You should come back to this table any time that you require a quick refresh on this subject as it will sum them both up in a matter of seconds.
|Occurs in||Blood vessels||Blood vessels|
|Made out of||Clotted red blood cells||Excess fatty deposits, fragments of blood clots, pockets of oxygen, pockets of amniotic fluid, any foreign body within the bloodstream|
|Effect||Expands in size and creates blockages within the blood vessel||Travels through the blood vessel until it reaches a narrow passage and cannot get through, thus creating a blockage|
|Mass||When thrombosis occurs, the mass (or clot) is static and does not move.||When embolism occurs, the mass is free floating and moves within the bloodstream until it encounters a restriction.|
|Common symptoms||There is often pain in the legs and either cold or warm skin in the affected area.||Dizziness, accelerated heart rate, skin discoloration, nausea, and heart palpitations are common symptoms.|
If you have ever asked the question what is embolus, then this embolism vs thrombus table should definitely have made their differences completely clear once and for all.
Embolus vs Thrombus: FAQ
Here are some of the most commonly asked questions about embolus vs thrombus.
Q: Are embolus and thrombus the same?
A: Not quite, no. The main difference between embolus vs thrombus is that an embolism can take place when any object passes through the bloodstream and creates a blockage, whereas thrombosis only occurs due to the clotting of red blood cell platelets.

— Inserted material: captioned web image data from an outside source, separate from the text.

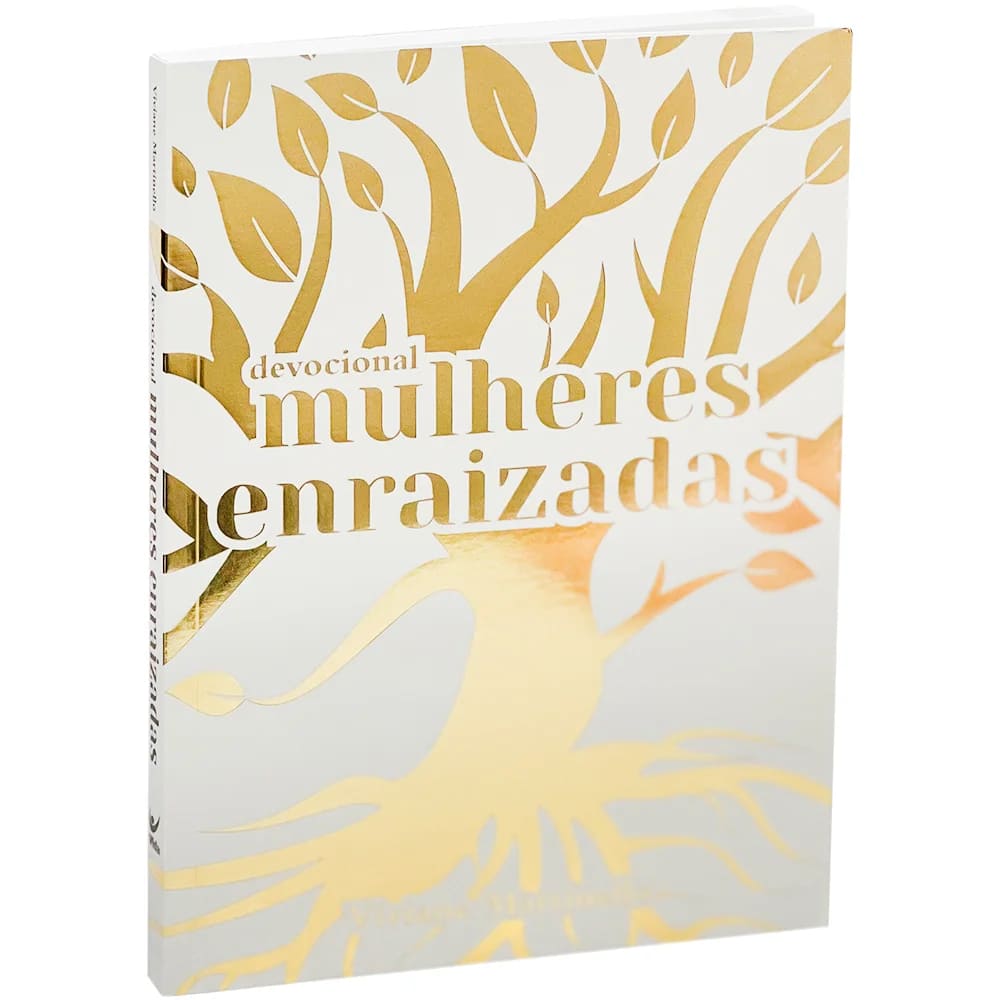 Mulheres Enraizadas - Viviane Martinello | Devocional para Fortalecer a Fé Feminina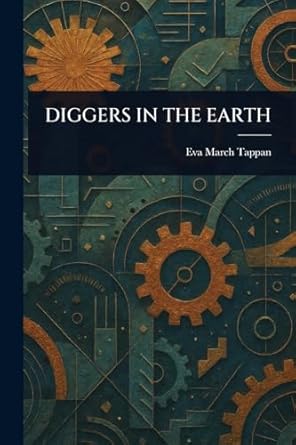 diggers in the earth 1st edition eva march tappan 1023051095, 978-1023051095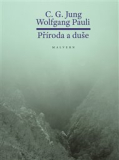 PŘÍRODA A DUŠE – C. G. Jung, Wolfgang Pauli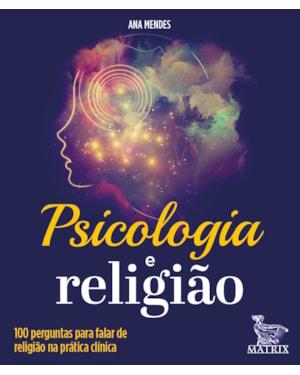 PSICOLOGIA E RELIGIÃO: 100 PERGUNTAS PARA FALAR DE RELIGIÃO NA PRÁTICA CLÍNICA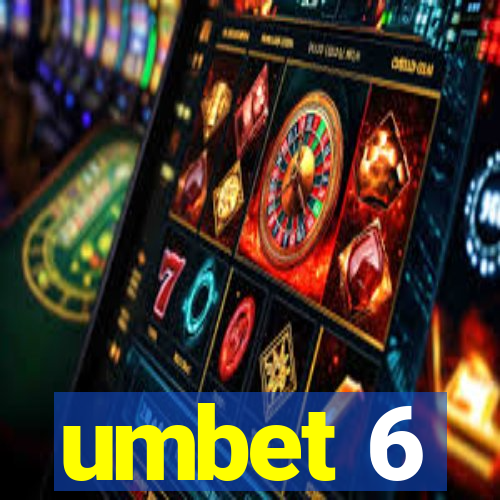 umbet 6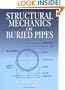 Structural Mechanics of Buried Pipes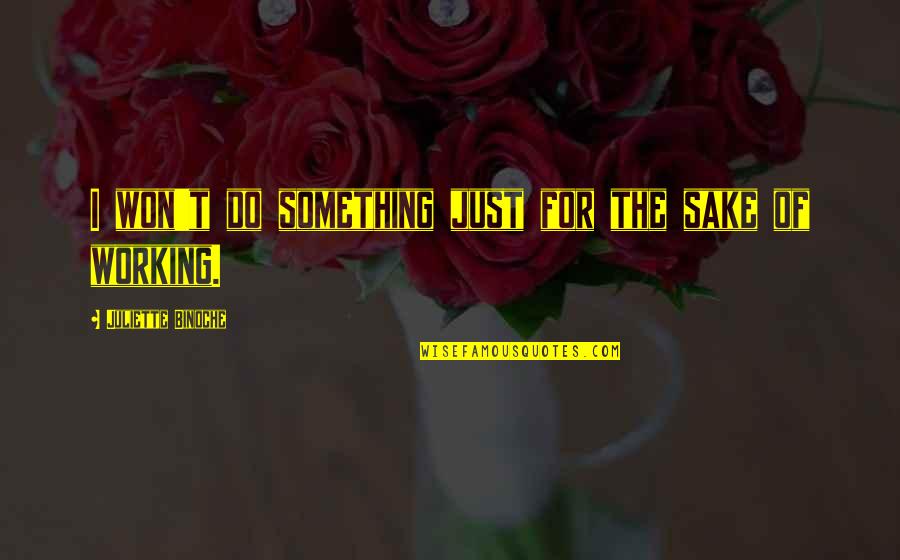Just Do Something Quotes By Juliette Binoche: I won't do something just for the sake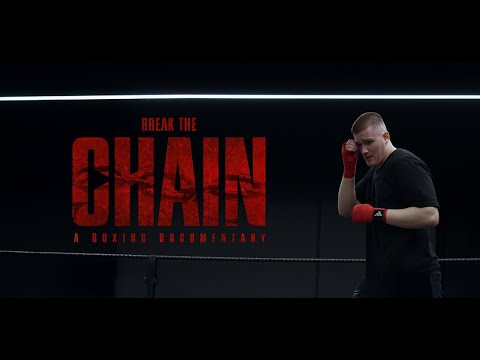 BREAK THE CHAIN: A Boxing Documentary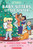 Karen's New Year: A Graphic Novel (Baby-sitters Little Sister #13) by DK Yingst, DK Yingst, Ann M. Martin, 9781546135401
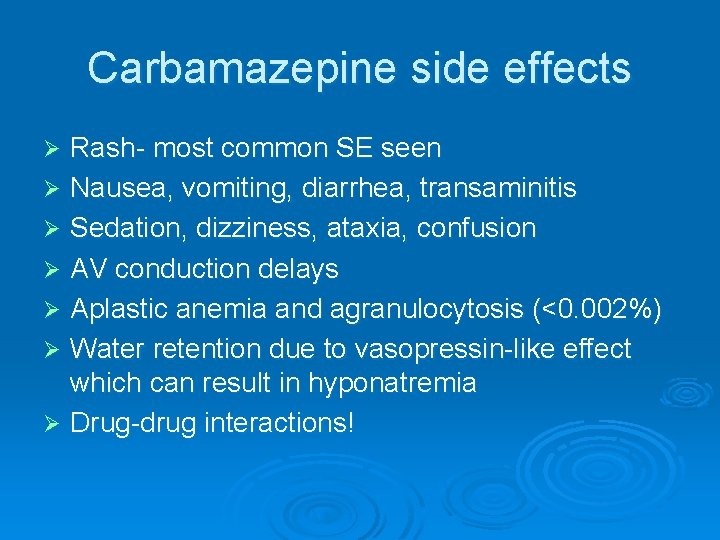 Carbamazepine side effects Rash- most common SE seen Ø Nausea, vomiting, diarrhea, transaminitis Ø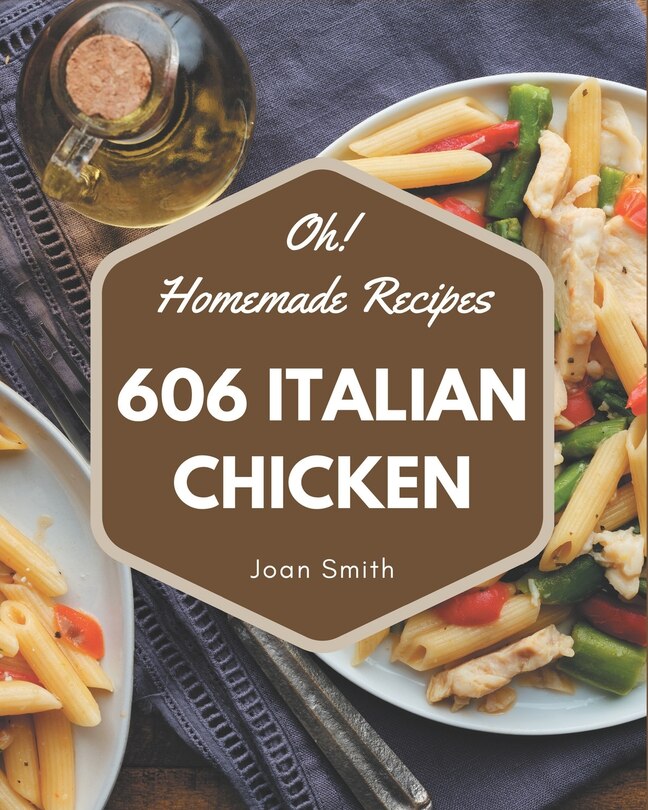 Couverture_Oh! 606 Homemade Italian Chicken Recipes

Q: Do embolism and thrombosis have the same effects on the body?
A: The effects and symptoms of embolism and thrombosis are very similar. They will often both induce dizziness and heart palpitations, though dizziness is more commonly a symptom of embolism whereas an erratic heart rate is more commonly a symptom of thrombosis.
Embolisms usually lead to skin discoloration too, whereas thrombosis may not. On balance, thrombosis may result in the skin becoming excessively hot or cold whereas an embolism may not.
Q: What are thrombi and emboli made out of?
A: The difference between thrombotic vs embolic blockages is that thrombotic blockages are always made out of clotted red blood cell platelets, while embolic blockages can be made out of any object within the bloodstream including fatty tissue, amniotic fluid, fragments of blood clots, and excess oxygen pockets.
So What Is the Difference Between Embolus and Thrombus? – Conclusion
In summary, the difference between emboli vs thrombi may not be enormous, but their contrast lies in the way that they are both created. It is the formation process that serves as the crucial differentiator between the two.
To easily summarize the contrast between an embolic vs thrombotic blockage, just remember that embolic blockages travel freely within the bloodstream and can be made out of any object, whereas thrombotic blockages are static and are always created out of red blood cell platelets.
The separate definitions along with the table that we provided earlier should finally have made this comparison much easier to understand.